BSM Set Theory — SET, Fall 2011.

Homepage of the course: http://www.renyi.hu/~soukup/set_11f.html


Instructor: Dr. Lajos SOUKUP
Homepage: http://www.renyi.hu/~soukup

Text: The course is based on handouts

Books: P. Hamburger, A. Hajnal: Set Theory
K. Kunen: Set Theory, Chapter 1.
T. Jech: Set Theory, Chapters 1--6.
K. Ciesielski: Set Theory for the Working Mathematician

Prerequisite: Some familiarity with "higher" mathematics. No specific knowledge is expected.

Course description
The goal of the course is threefold:

• we get an insight how set theory can serve as the foundation of mathematics,
• we learn how to use set theory as a powerful tool in algebra, analysis, and even geometry,
• we study how to build up a rich mathematical theory from simple axioms.

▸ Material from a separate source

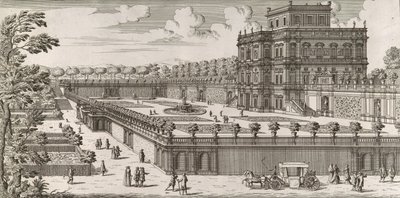 Vista da fachada do Palazzo Pamphili e seu jardim Secondo Prospetto Pe..., após de Simone Felice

Grading: Homework assignments: 40%, midterm exam: 20%, final exam: 40%.
A: 80-100%, B: 60-79%, C: 40-59%, D: 30-39%

Homeworks are distributed and collected on ....

Topics:

• Naive set theory: general principle of comprehension, due to Frege (1893): If P is a property then there is a set Y={X:P(X)} of all elements having property P.
• Contradictions in mathematics?
  Russel's Paradox: Does the set of all those sets that do not contain themselves contain itself? Berry's Paradox: 'The least integer not nameable in fewer than nineteen syllables'
• The solution: Axiomatic approach (without tears): Mathematical logic in a nutshell. Variables, terms and formulas. The language of set-theory. Zermelo-Fraenkel Axioms.
• Basic Set Theory from the Axioms: Ordered pairs. Basic operations on sets. Relations and functions. Cartesian product. Partial- and linear-order relations.
• The crucial notion of "well-ordering", ordinal numbers: Definition, properties, calculations with ordinals.
• Elementary properties of cardinal numbers: Equivalence of sets, cardinals, the Cantor-Bernstein 'Sandwich' Theorem and its consequences, |A| < |P(A)|.
• More on cardinal numbers: Calculations with cardinals, 2^ω = c (the cardinality of the continuum), there are c many continuous functions, 1· 2 · 3 ··· = c, the cardinal numbers c, 2^c, etc., Kőnig's Inequality.
• The heart of the matter: The Well Ordering Theorem: we can enumerate everything, the Theorem of Transfinite Induction and Recursion, the Fundamental Theorem of Cardinal Arithmetic: x²= x for every cardinal x.
• Applications (as many as time permits): Every vector space has a basis, Hamel basis, Cauchy's Functional Equation, Dehn's Theorem about decompositions of geometric bodies, the Long Line, f(x)=x is the sum of two periodic functions, Sierpinski's Theorem and the Continuum Hypothesis, decomposition of R³ into circles, Goodstein's Theorem^*.